Title : Role of temporal and spatial electrophysiological heterogeneity and variability in the initiation of re-entrant ventricular arrhythmia
Abstract:
Re-entrant ventricular tachyarrhythmia can be life-threatening and require an initiating trigger and susceptible substrate. Their onset is unpredictable and has a higher probability when repolarization is delayed (long QTc, or myocyte action potential duration at 90% repolarization (APD90)), and when the heterogeneity of myocardial tissue electrophysiology (APD90 and propagation velocity) and architecture (fibrosis) is enhanced.

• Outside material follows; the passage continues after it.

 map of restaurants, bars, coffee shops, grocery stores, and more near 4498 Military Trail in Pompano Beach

Here we map the effects of variability in cell ionic channel conductance parameters in homogenous populations of myocytes on the probability of pro-arrhythmogenic triggers, and surrogate markers of arrhythmogenicity in heterogenous tissue (APD90 dispersion, Early After Depolarization (EAD), alternans and vulnerability). Human ventricular isolated cardiomyocyte electrophysiology was modelled by the O’Hara, Virag, Verro & Rudy 2011 model for subendocardial and midmyocardial cells, with conductance parameter values randomly perturbed, to produce cell populations, and a reduction of the maximal conductance gKr of the rapidly delayed K+ rectifier current, to simulate LQT2. Action potentials are quantified by APD restitution curves, APD histograms, and the probability of pro-arrhythmogenic cellular events (EADs, repolarization failure, and alternans).

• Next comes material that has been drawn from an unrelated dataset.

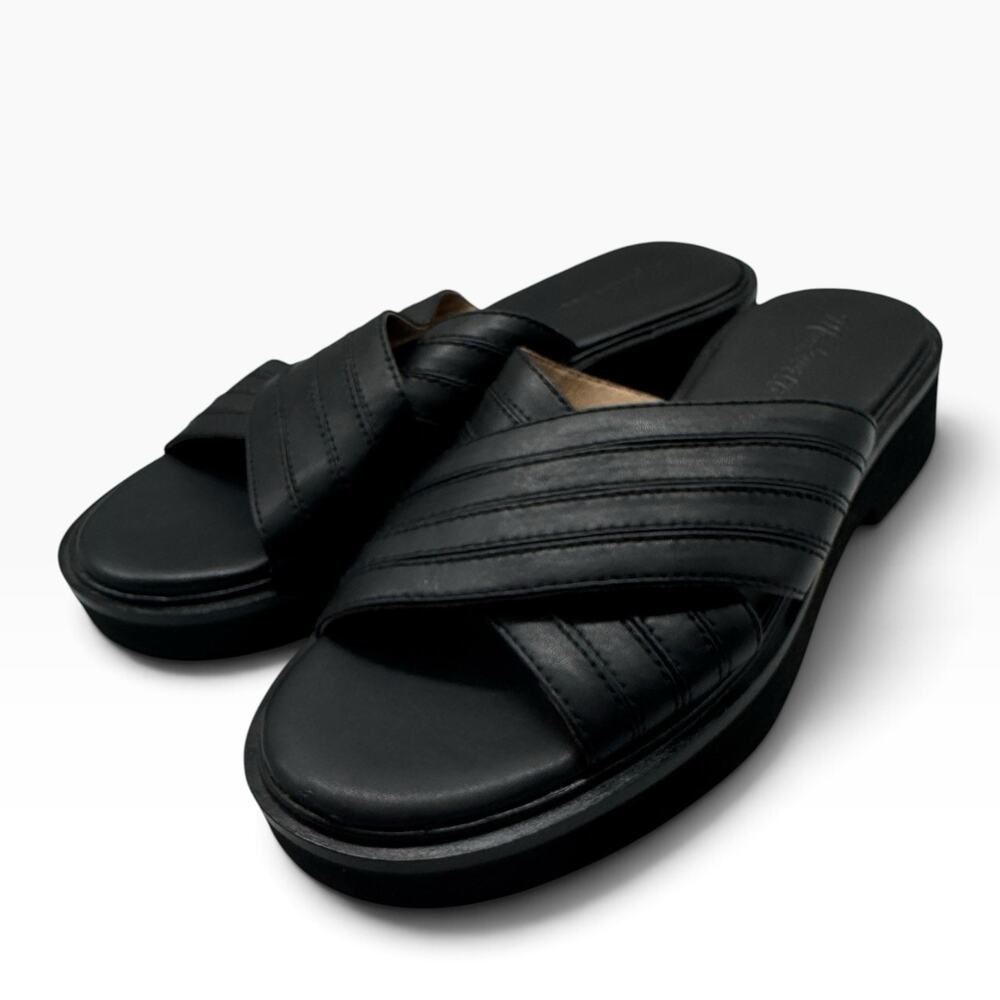 Madewell The Alina Platform Sandal Black Leather Slip On Shoes Size 9.5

Reducing gKr prolongs APD90 smoothly, with a 40% prolongation in APD90 simulating LQT2 produced by a 47.5% reduction in gKr. When all the maximal ionic conductances are Gaussian distributed with a 5% standard deviation about their standard values, and limited to 4 standard deviations from the mean, the action potentials could be shortened or prolonged, include an EAD, or fail to repolarize. APD90 and coefficient of variation with periodic pacing at 1/s for populations of sub endocardial and mid-myocardial cells are 266.3 ± 8.8ms, 3.3% and 375.1 ±10.4ms, 2.7%; and for the LQT model 380.9 ±17.3ms, 4.5% and 501.8 ± 27.3ms, 5.4%. The effect of the reduced gKr on the dispersion of APD90 (a surrogate for T-wave dispersion) between sub-endocardial and midmyocardial cells is increased by 9.3% from 66.6 to 72.8ms at a pacing rate of 1/s, and for cell populations the dispersion is increased by 72%, from 150.3 to 258.3ms. The probabilities of EADs and repolarization failure are < 0.005 for the subendocardial model and for midmyocardial cell LQT model.

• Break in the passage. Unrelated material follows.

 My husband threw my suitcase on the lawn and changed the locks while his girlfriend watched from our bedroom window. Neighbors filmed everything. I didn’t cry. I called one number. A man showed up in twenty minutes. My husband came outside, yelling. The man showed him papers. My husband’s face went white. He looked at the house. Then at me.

Computed circadian changes based on primate ionic channel mRNA transcriptomic data produce a maximum-to-minimum 20ms, 7% modulation in APD90 at a rate of 1/s, and menstrual cycle changes based on plasma hormone levels and their effects on in vitro myocytes produce a 10% (sub-epi/endocardial) to 15% (mid-myocardial) modulation in models with channel expression modified by electrophysiological data from cells from women. These slow changes interact nonlinearly with the effects of population variability, giving EADs an exaggerating dispersion in female models, especially around the time of ovulation. Spatial electrophysiological heterogeneity exaggerated by variability in ionic conductances increases APD90 dispersion and pro-arrhythmic trigger probability, as illustrated for LQT2. Hormonal and circadian modulation of ion channel expression further amplifies this effect, especially in female models. In addition to genomics, dynamic transcriptomic regulation and physiological inputs critically shape arrhythmia susceptibility. The risk of initiating an arrhythmia in an individual is determined by the extreme values of distributions, and not a single number, but changes over time.
Keywords: Long QT Syndrome, Repolarization, Arrhythmias, Spatial heterogeneity, Temporal Variability.